Kayıp Zamanın İzinde’yi okumak zor çünkü Proust mektupları da dahil olmak üzere uzun ve yoğun yazan biri. Yazdığı her şeyi en ince ayrıntısına kadar tarif etmeyi, anlatıyı bir resim ya da yontu gibi elle tutulur hale getirmeyi seviyor. Bugünün hızını öngörmüşçesine bir an durmayı, etrafa bakmayı, gördüğümüz her şeyi sindirmemizi, belleğimize kazımamızı isteyen bir yavaşlıkta anlatan, bu nedenle de tüm duyuları önemseyen bir yazar. Renkleri, dokuları, tatları, sesleri, kokuları anlatısının içinde onun hissettiği biçimde hissedebilmeniz için yazmış. Yüzyıllara meydan okuyan bütün klasik eserlerde olduğu gibi okurundan zaman ve dikkat rica ediyor.
Tıpkı roman kahramanı Marcel gibi Proust da elinden kaydığını fark etmediği yaşamı an be an geri getiremeyeceğinin bilincinde olarak çağrışımlar yoluyla zamanı yakalamaya çalışmış. Bu çaba felsefe, sanat, tarihle biçimlenmiş muhteşem bir roman olarak ortaya çıkmış. Roman boyunca zamanın akışı içinde değişen insanı, istem-dışı bellek fikrini, zamanı yenerek ölüme meydan okuyabilenin sanat olduğunu anlatmış ve göstermeye çalışmış Proust.
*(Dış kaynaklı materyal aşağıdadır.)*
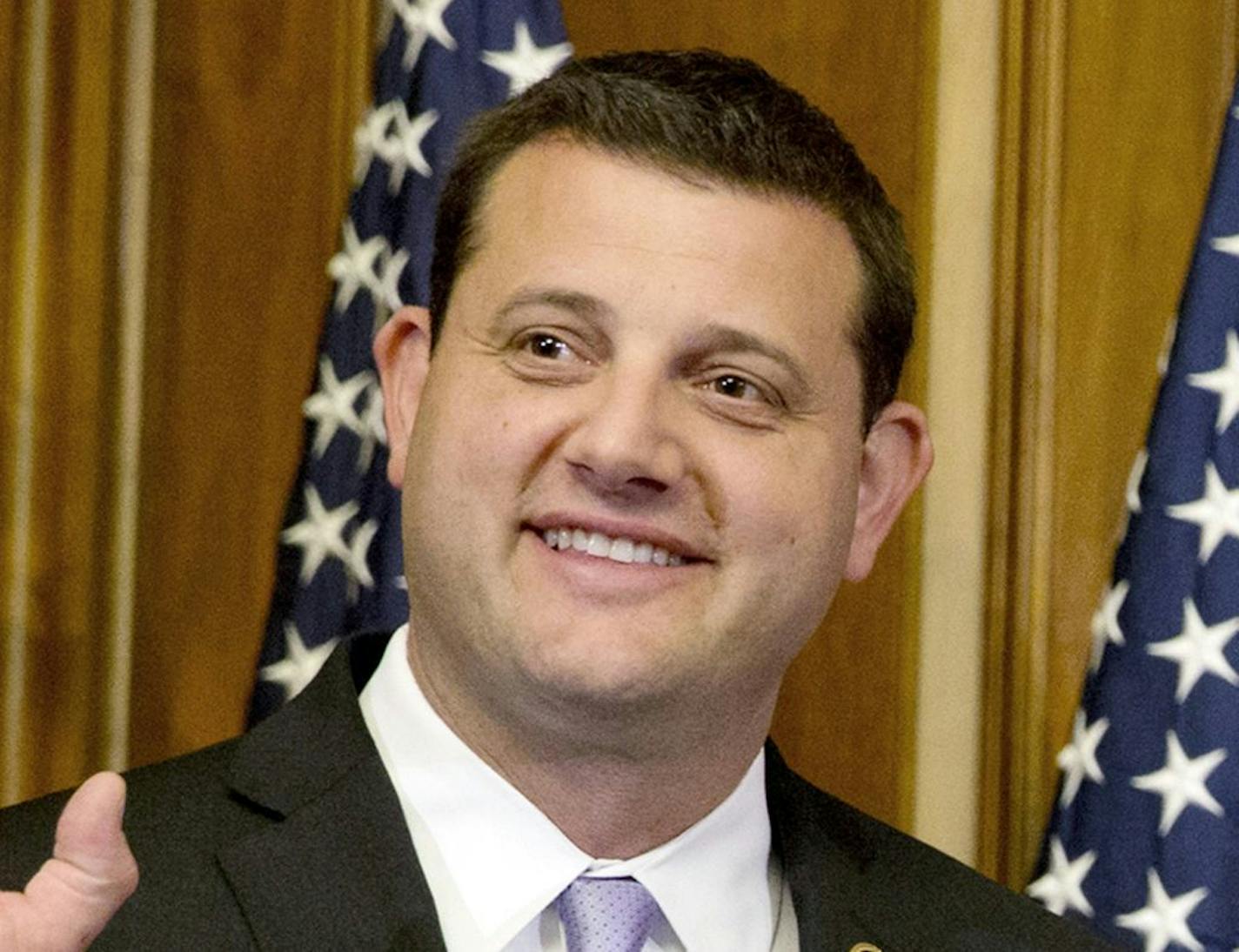 Former Rep. David Valadao, R-Calif., has reclaimed the U.S. House seat he lost in the California farm belt two years ago.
Hakkında ciltlerce inceleme yazılan, tezlere araştırmalara konu olan, okunamazlığı konusunda edebiyat efsanesi haline gelen Proust’u ve büyük eseri Kayıp Zamanın İzinde’yi derginin sınırlı sayfalarında anlatmak mümkün olmasa da onu anmak, tanımamış ya da araya mesafe koymuş olanlarla tanıştırmak, kısaca Proust evrenine bir kapı açmak istedik.
Proust anlatmayı da dinlemeyi de sever.